Some authors have approached a definition of religion distinguishing it from other systems of meaning (understood to be such bodies of thought or theoretical tradition which give meaning to reality and to life experience). Thus, for example, Stark and Gluck (1965) distinguish between the “humanist perspectives” which constitute attempts to make significant the life of man from religions which, to the contrary, assert that they have discovered or established paths to discover the true meaning of life. The difference between some and other systems is that in the case of the humanist perspectives one looks intentionally to grant to life a meaning which is agreed upon and relatively free-willed: in the second it is presumed that the same has a pre-existent meaning to that which the individual man or social group wishes to give it and that it is possible to agree to the stated meaning. On this subject, Reginald Bibby says:

“Religious perspectives imply the possibility that our existence has a meaning which precedes that which we as human beings decide to give it. By contrast, the humanist perspective leaves to one side the search for the meaning of existence in favor of a new preoccupation with giving meaning to existence.” (Bibby 1983, 103)

From this perspective, to ask if Scientology constitutes a religion is to investigate if it postulates a meaning for the life of man which pre-exists and is considered true and immutable. In relation to this point we can note that according to Scientology, man is defined as a spiritual being. It is affirmed that man does not have a spirit but that a spirit is what the individual truly is. This spirit is called a “thetan,” a name taken from the Greek letter theta. It is asserted that the individual exists as himself as a spiritual being. The artistic capacity, the fortitude of the person and his individual character are all manifestations of the spiritual nature of the individual. The thetan constitutes the person himself.

According to Scientology, man is composed of a body, organized physical substance or composition; a mind which consists of pictures, recordings of thoughts, conclusions, decisions, observations and perceptions; and the thetan [spirit].

According to Scientology, man is composed of a body, organized physical substance or composition; a mind which consists of pictures, recordings of thoughts, conclusions, decisions, observations and perceptions; and the thetan. The thetan is conceived as the creator of things. He has animation and life even without the mind and body and uses the mind as a system of control between himself and the physical universe. Scientologists maintain that man is a thetan and the thetan is the source of all creation, is immortal and is life itself, with potentially infinite creativity and, if not part of the physical universe, having the potential capacity to control this universe composed of matter, energy, space and time.

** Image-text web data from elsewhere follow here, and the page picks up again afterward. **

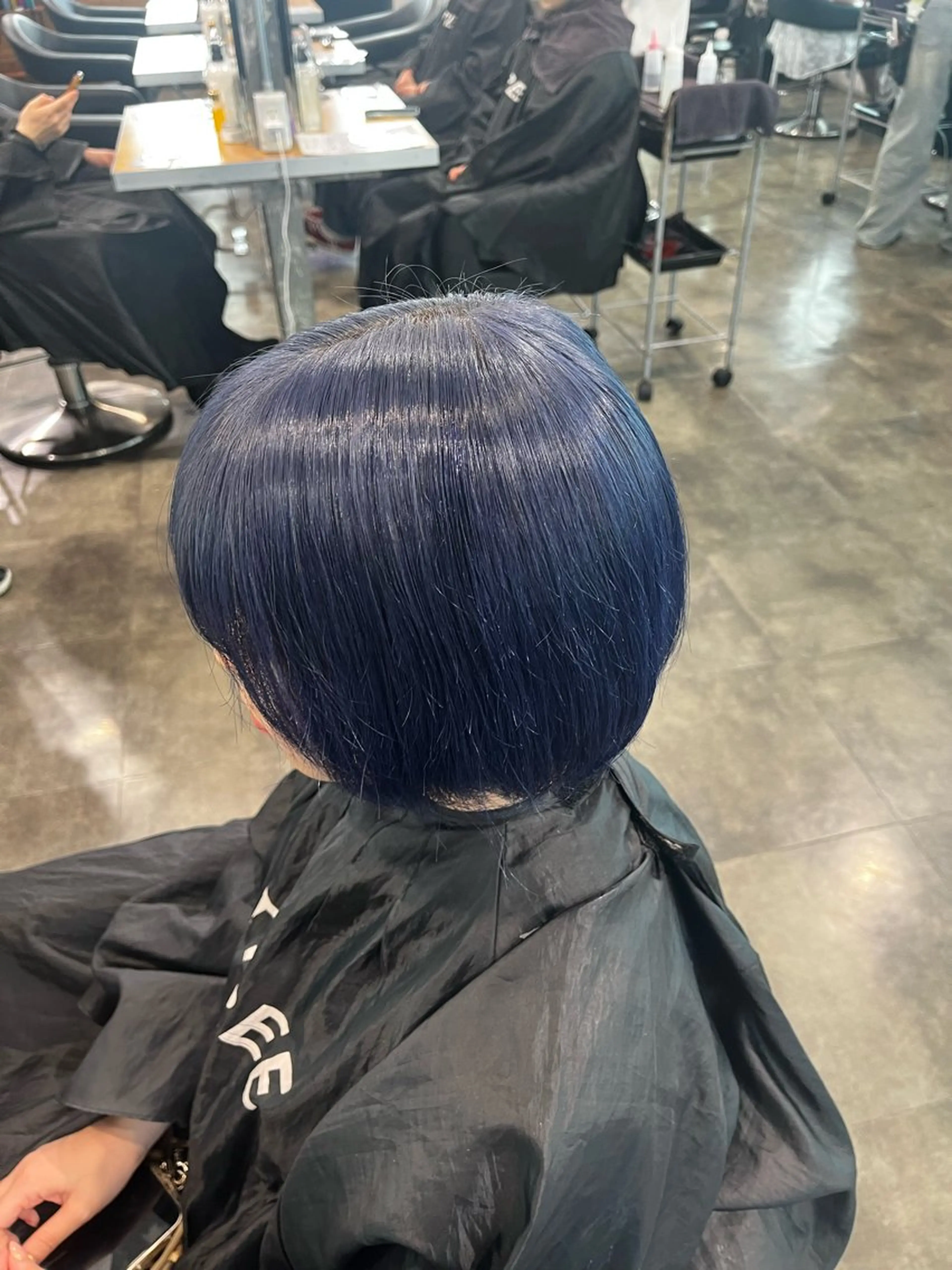 カラー ヘアカラー トリートメント ハイトーンカラー 🦄レイヤーカットのヘアスタイル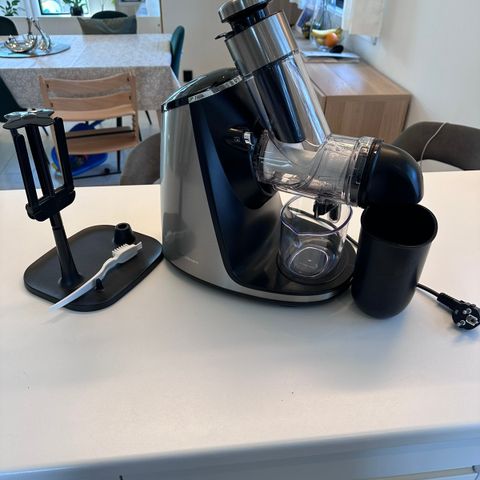 Sandstrøm Slow Juicer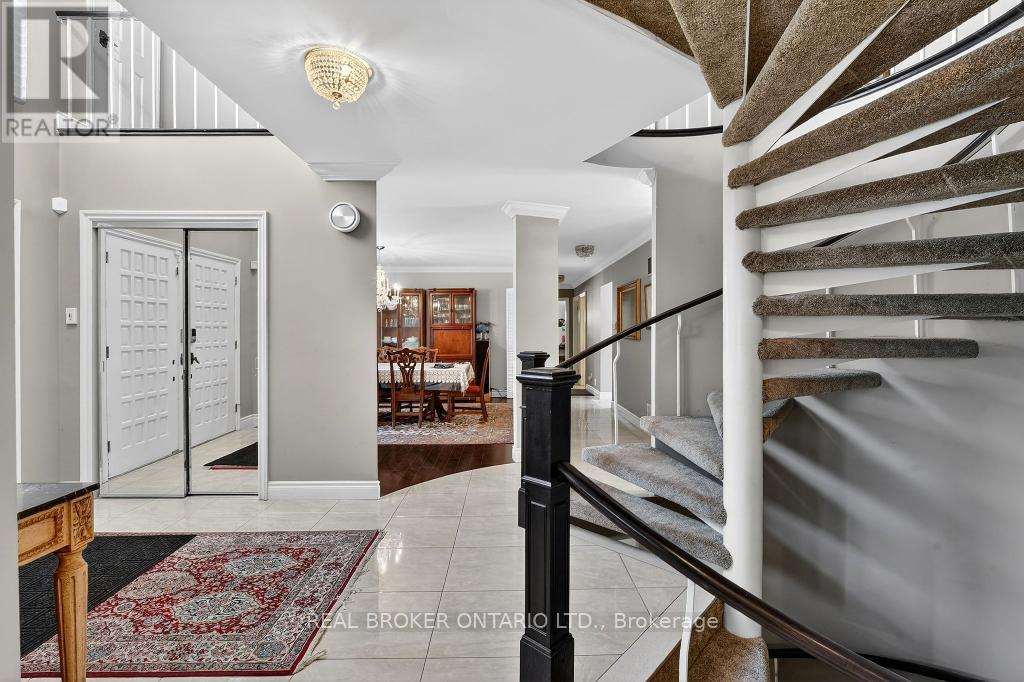 2145 Oneida Crescent, Mississauga, Ontario  L5C 1V7 - Photo 25 - W12924292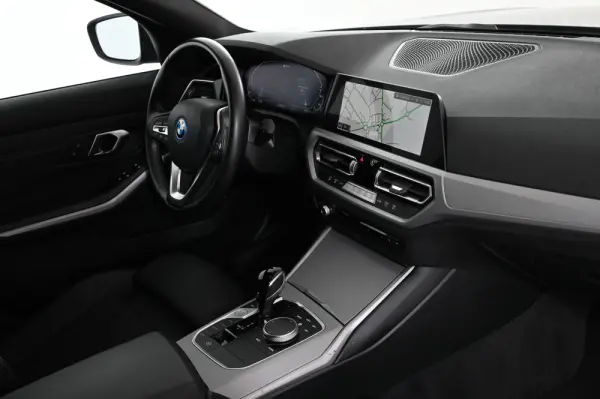 BMW 320 e Auto 30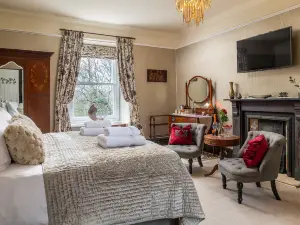 Afon Rhaiadr Country House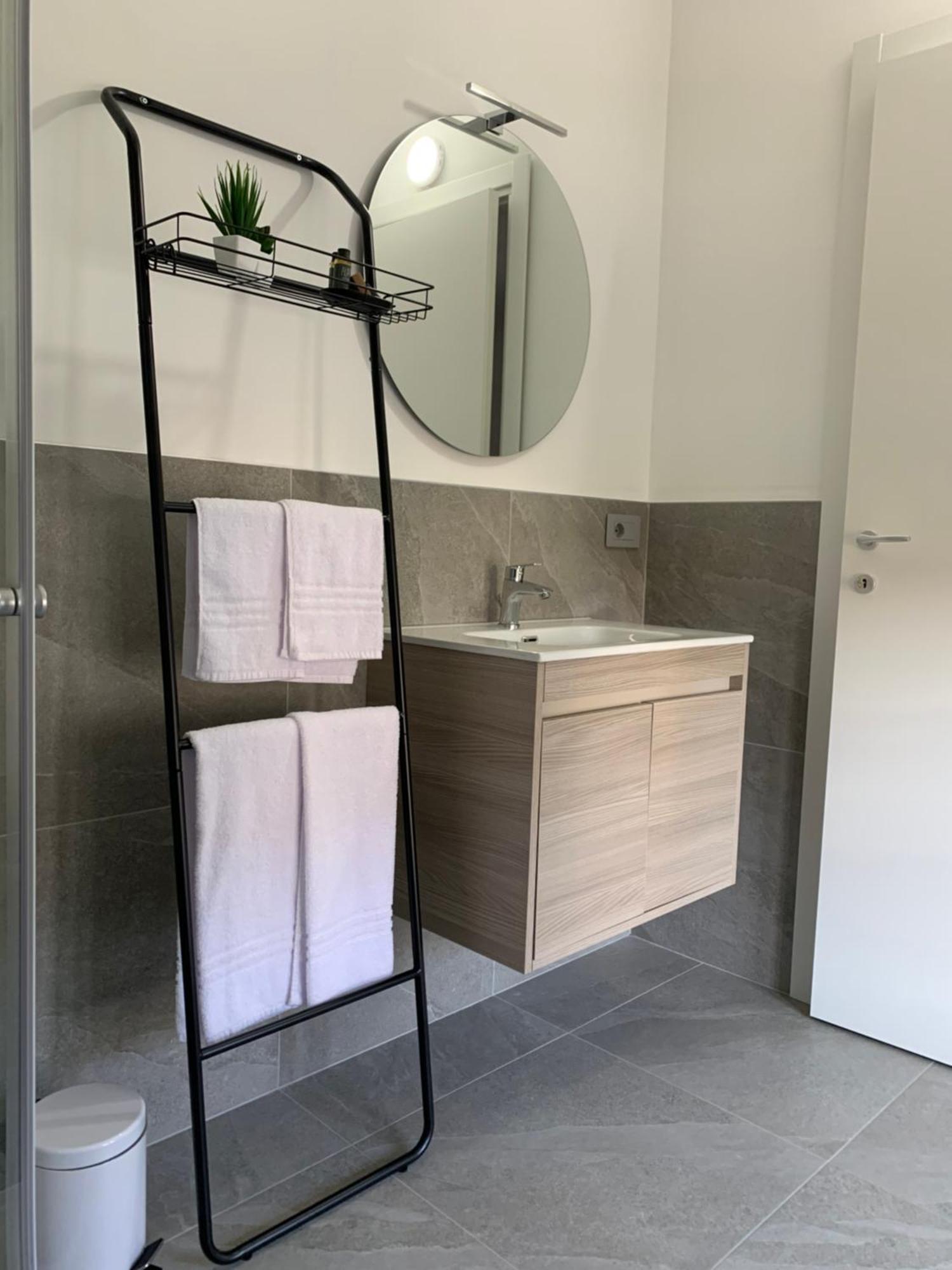 Bed and Breakfast L'Attico Cesano Maderno Exterior foto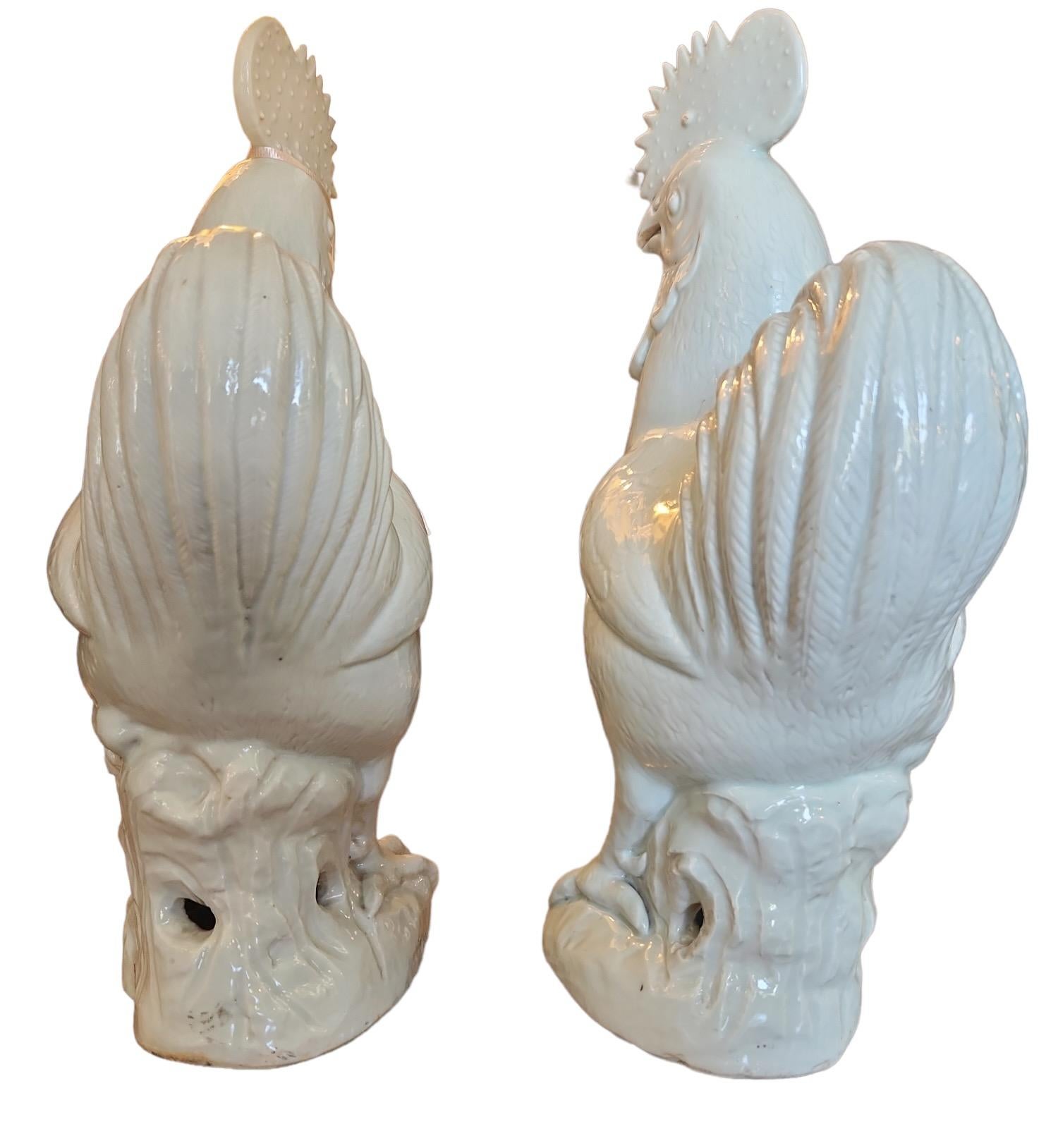 Pair of 1900 Chinese Blanc de Chine Roosters In Good Condition For Sale In Los Angeles, CA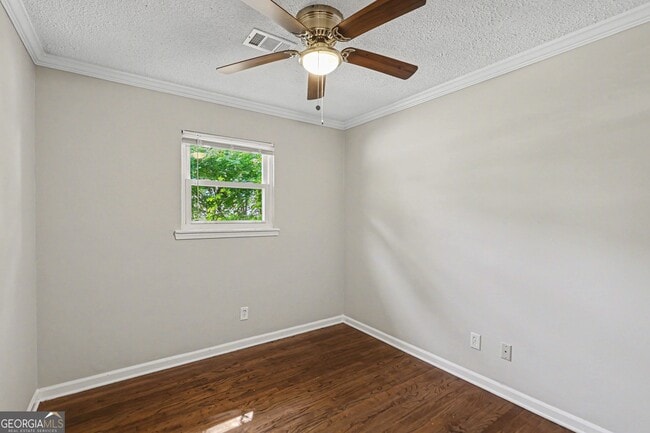 Building Photo - 3670 Goodwin Rd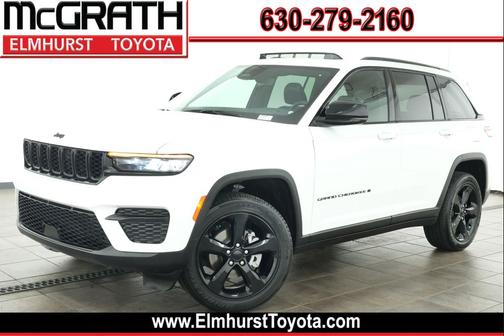 Bright White Clearcoat 2023 Jeep Grand Cherokee Altitude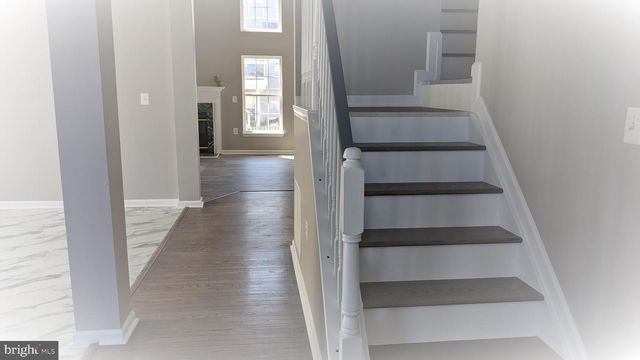 411 HANRAHAN CT SE, Leesburg, VA 20175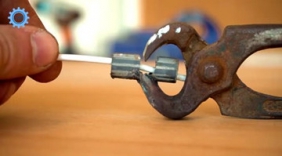 牛人利用废掉的手虎钳制作的夹线钳，非常实用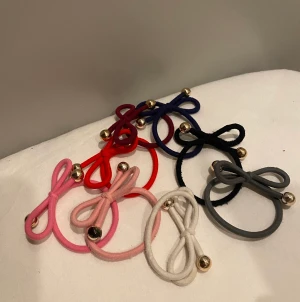 Hårsnoddar  - Hårsnoddar med rosetter köpta på NK. Köp alla för 200 eller välj själv hur många, 25kr/ st. Har bara dessa färger, så först till kvarn 🥰 köparen står för frakten, inga returer. Står inte för postens slarv. 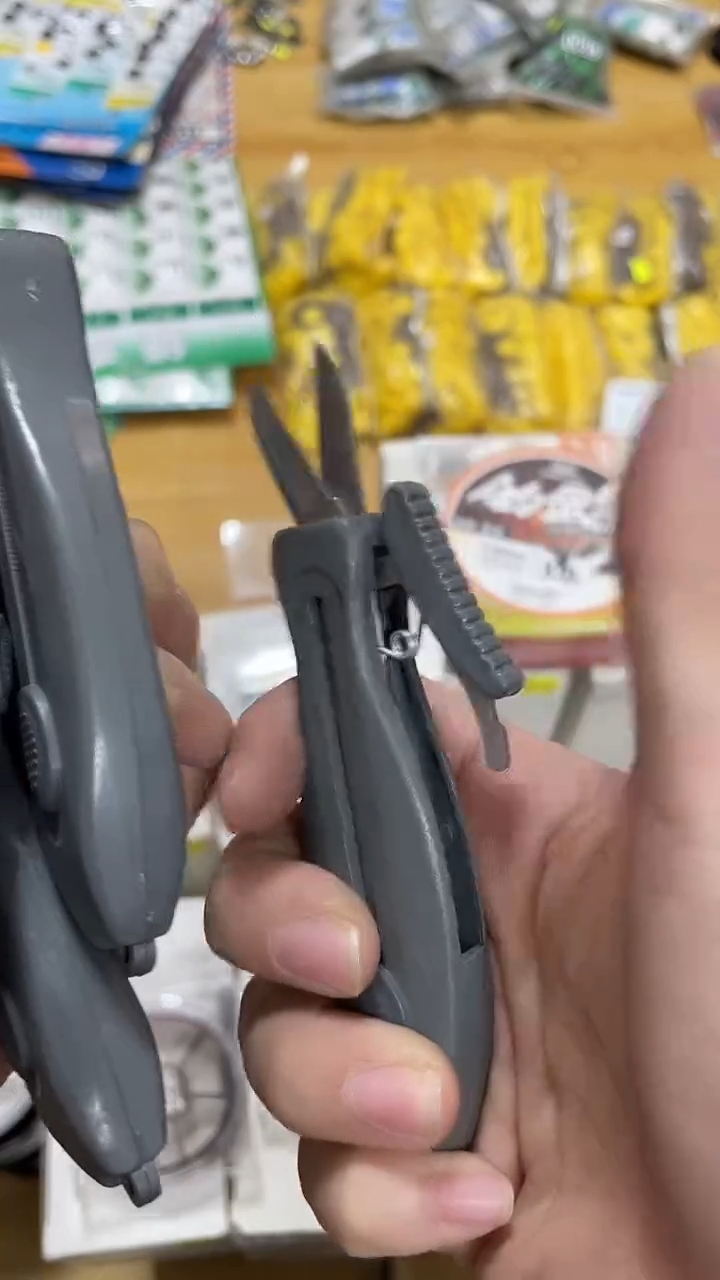 三用剪刀   14个    推出剪刀处微瑕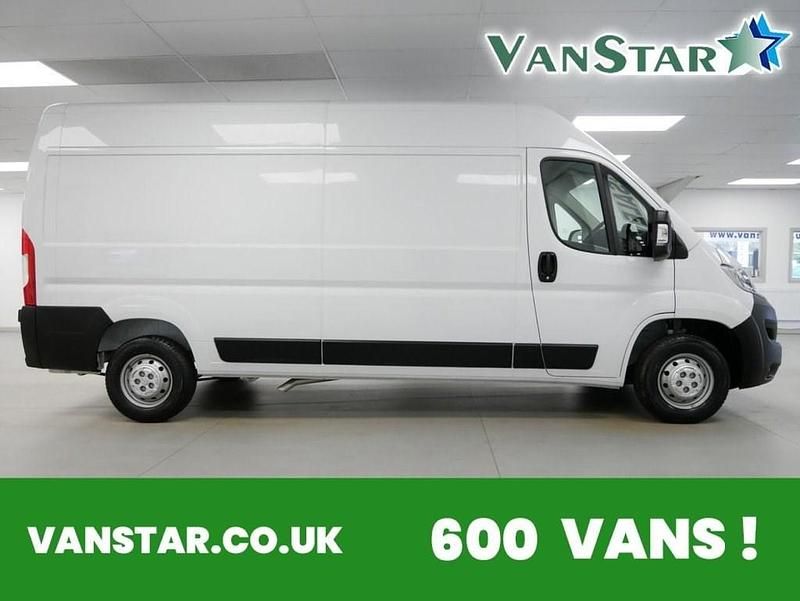White Used 2023 Citroën Relay Van | £20,589 (Fair price) - Image 1/4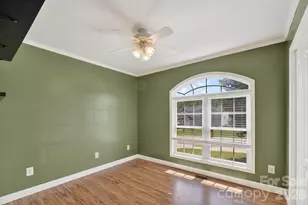 1590 Mayfair Dr, Conover, NC 28613 - Photo 7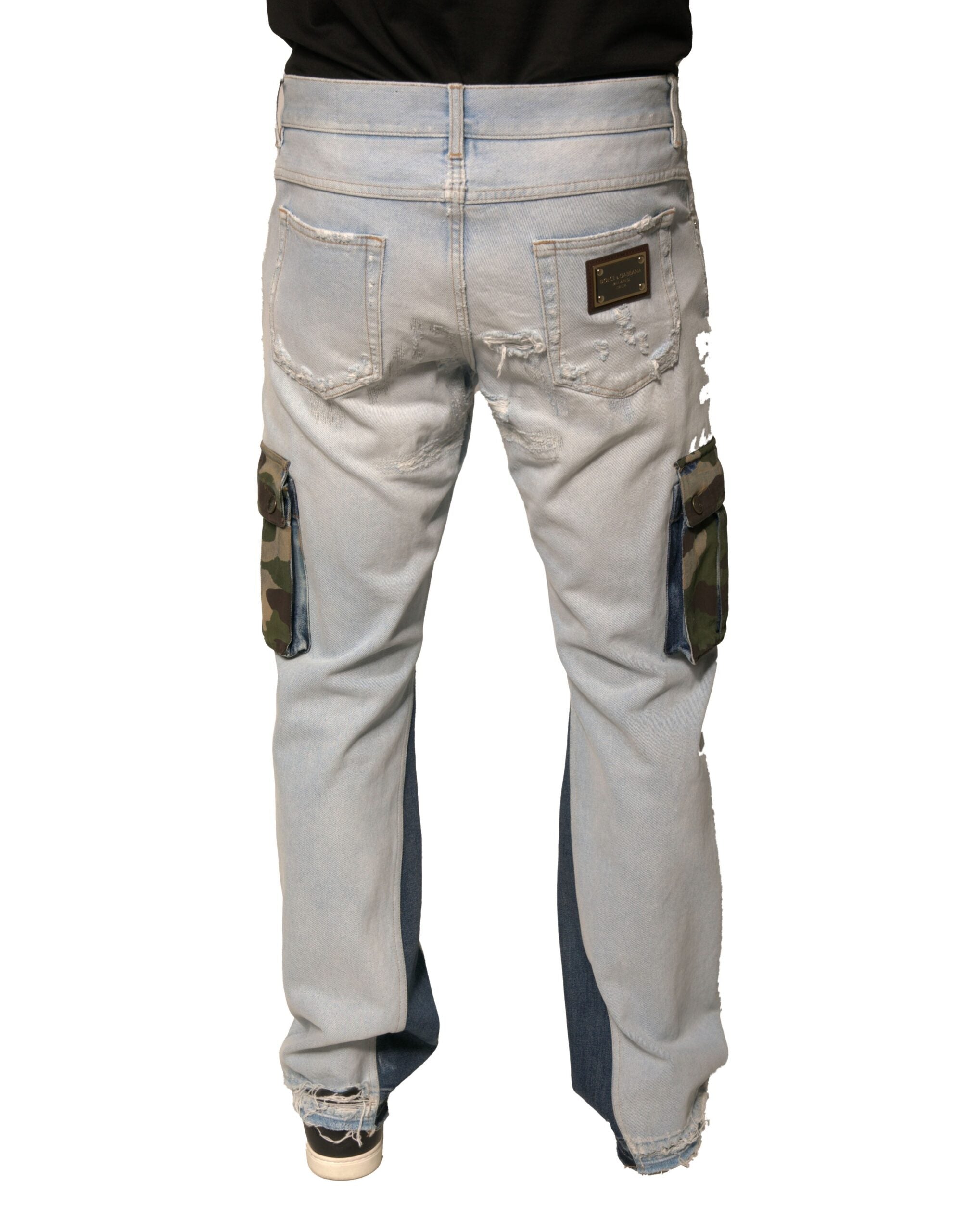 Jeans droits en denim coton Light Blue de Dolce & Gabbana, style cargo, visible avec poches et détails modernes.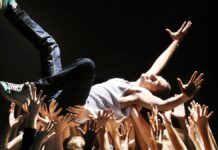 Слава скорочує життя: дослідження показує, що співаки вмирають молодшими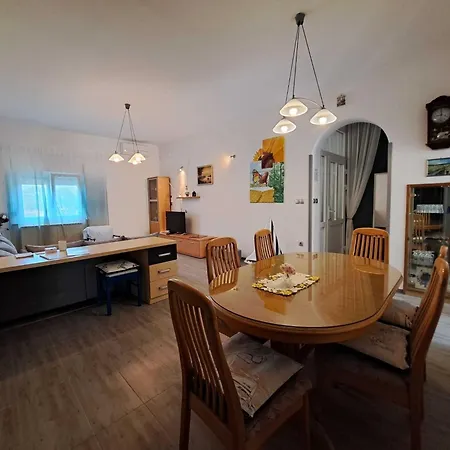 Spacious Urban Retreat With Terrace - Two Bedroom With Terrace * Dajla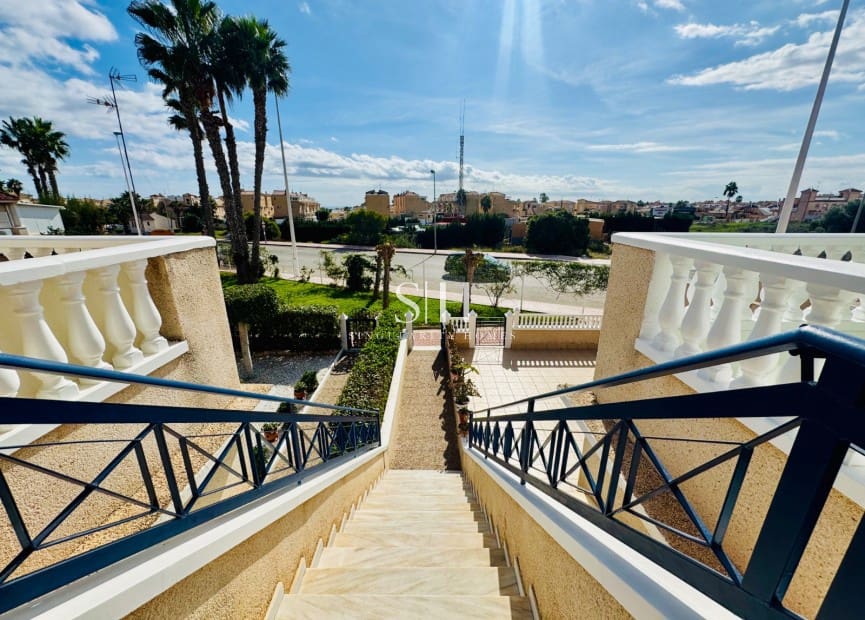 1 slaapkamer Bungalow te koop in Playa Flamenca met zwembad - € 170.000 (Ref: 9360728)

On the other hand, Scientology explicitly asserts that training in its doctrine furnishes a comprehension of man, his potentials and the difficulties with which he is faced which goes much further than what is taught in the humanities or social sciences. With the knowledge of the principles of Scientology the person would be able to understand, for example, why some people have success while others fail, why one man is happy while another is not, and why some relationships are stable and others fall apart. Training in Scientology would permit one who would apply himself to know the mystery of life and to attain an absolute comprehension of its immortal nature. Through the teachings of L Ron Hubbard disseminated by the Church, the individual can achieve the development of all his abilities across the “Eight dynamics” postulated in its cosmic vision. These dynamics, or areas through which human activity is expressed, are:

1. The individual; 2. Family and sex; 3. Groups; 4. Mankind; 5. All life forms; 6. The physical universe; 7. Spirituality; and 8. The infinite or Supreme Being. (Scientology 0-8: The Book of Basics, pages 83–93)

The object of the teachings of the Church is to increase the level of awareness of the individual so that he can control and influence all of the dynamics of life.

In summary, like most religions, Scientology claims to have revealed the mystery of life. It does not propound an arbitrary meaning for the life of man, but claims to have discovered the true meaning. In doing so, it differentiates from humanist perspectives: It does not propound or suggest ethical norms and values to make human life meaningful. On the contrary, it claims to truly know what is man and what is the meaning of his life. At the same time, and in spite of using a vocabulary similar to the sciences, it can be clearly differentiated from these, given that it does not intend to describe how things happen, it does not formulate questions, nor present a hypothesis for its opposition and eventual modification. Rather, it claims to have discovered the true causes and invites one to share in said knowledge.